TASK OBJECTIVE:
Exclude the pictures, then restate every entry below exactly.

RECORDS FOR THE EXERCISE:
------
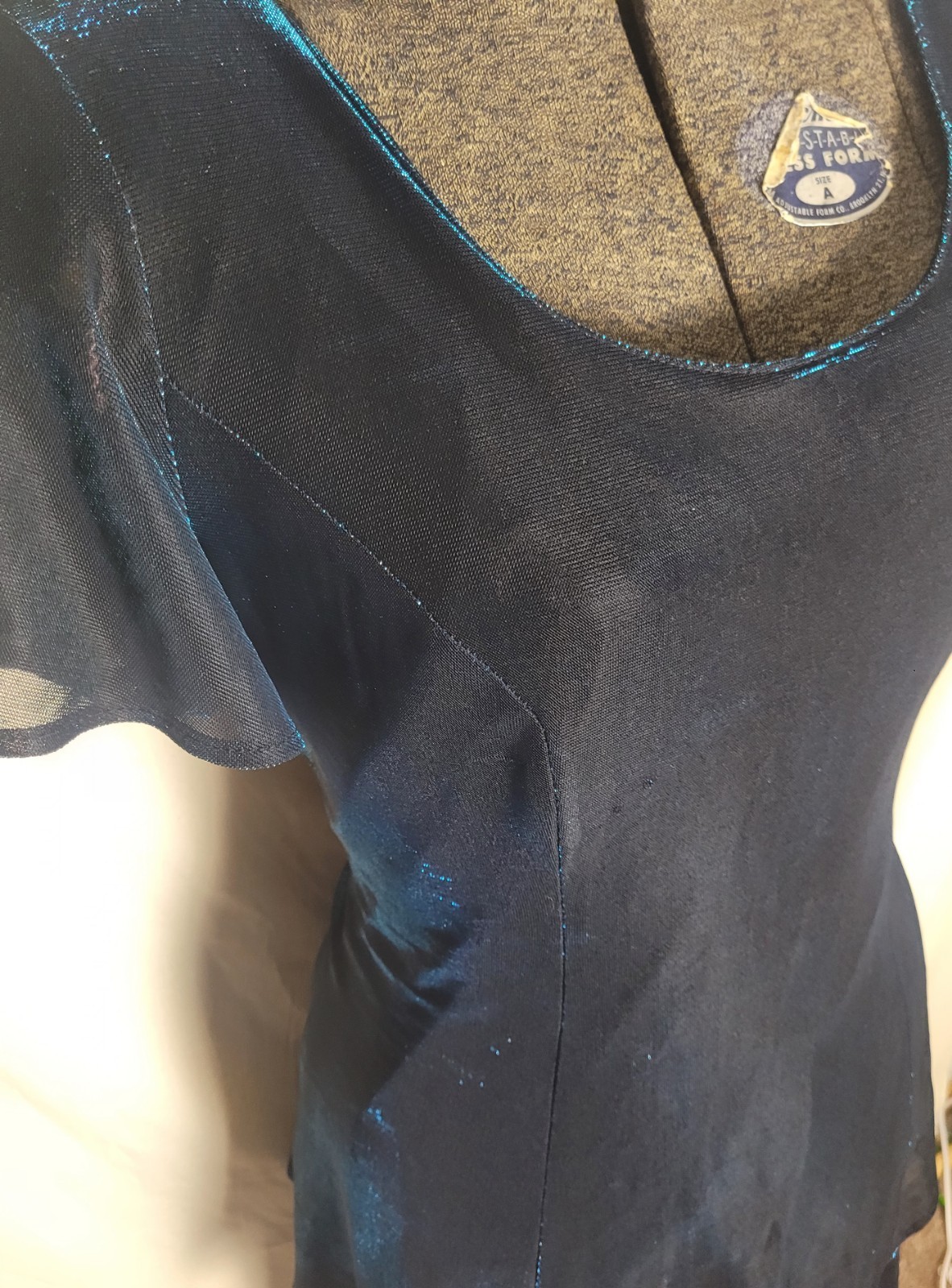 Vintage 70s 80s Blue Shiny Mini Dress Black Layered Party M/L Molly Malloy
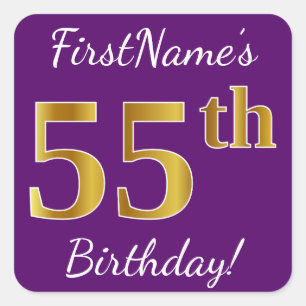 Purple, Faux Gold 55th Birthday + Custom Name Square Sticker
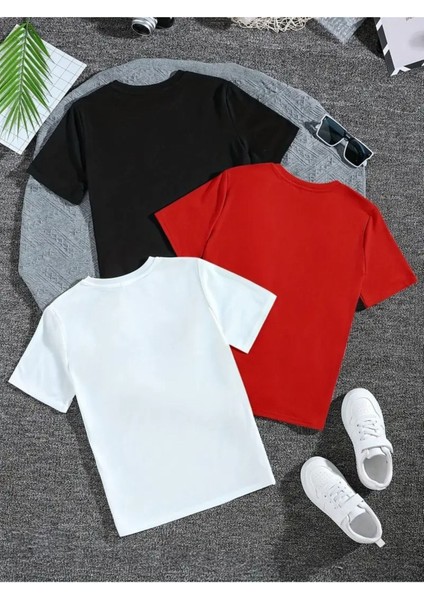 3 Lü Paket Baskılı Beyaz Siyah Gri T-Shirt Oversize Salaş Ünisex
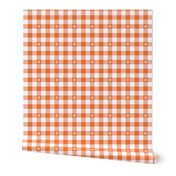 Carrot Orange and White Gingham Check with Center Floral Medallions in White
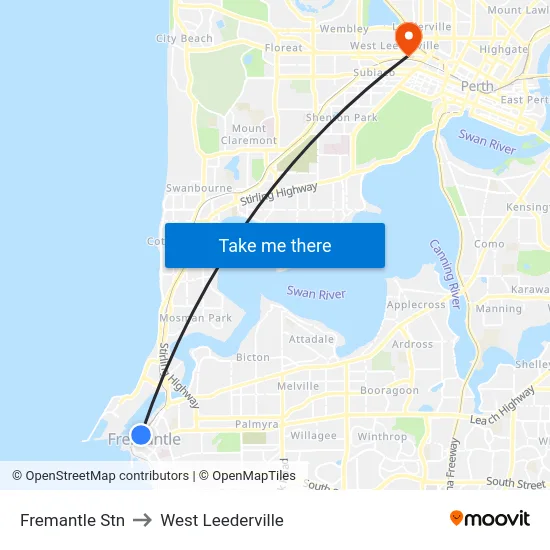 Fremantle Stn to West Leederville map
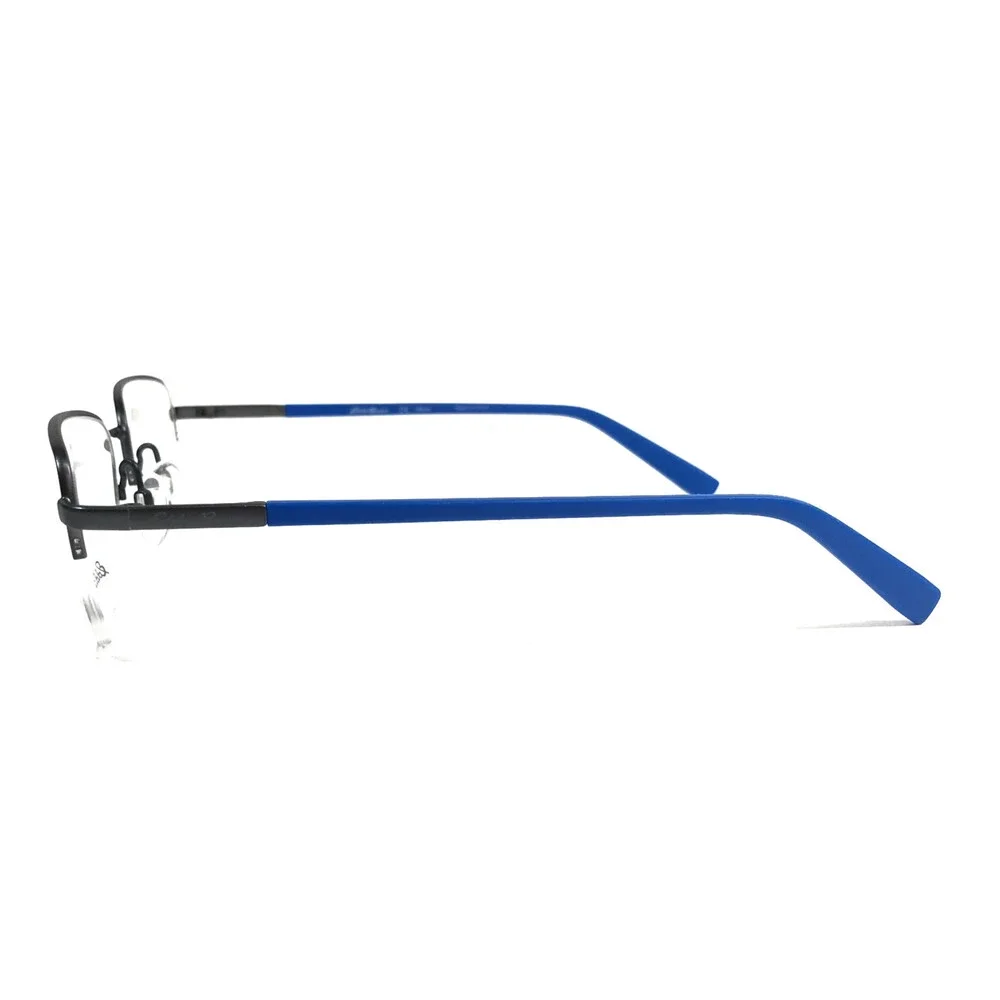 Eddie Bauer Eyeglasses Frames EB32035 BL Blue Gray Rectangle Half Rim 55-19-140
------
EXERCISE RESPONSE:
 Vintage 70s 80s Blue Shiny Mini Dress Black Layered Party M/L Molly Malloy
 Purple, Faux Gold 55th Birthday + Custom Name Square Sticker
 3 Lü Paket Baskılı Beyaz Siyah Gri T-Shirt Oversize Salaş Ünisex
 Carrot Orange and White Gingham Check with Center Floral Medallions in White
 Fremantle Stn to West Leederville map
 Eddie Bauer Eyeglasses Frames EB32035 BL Blue Gray Rectangle Half Rim 55-19-140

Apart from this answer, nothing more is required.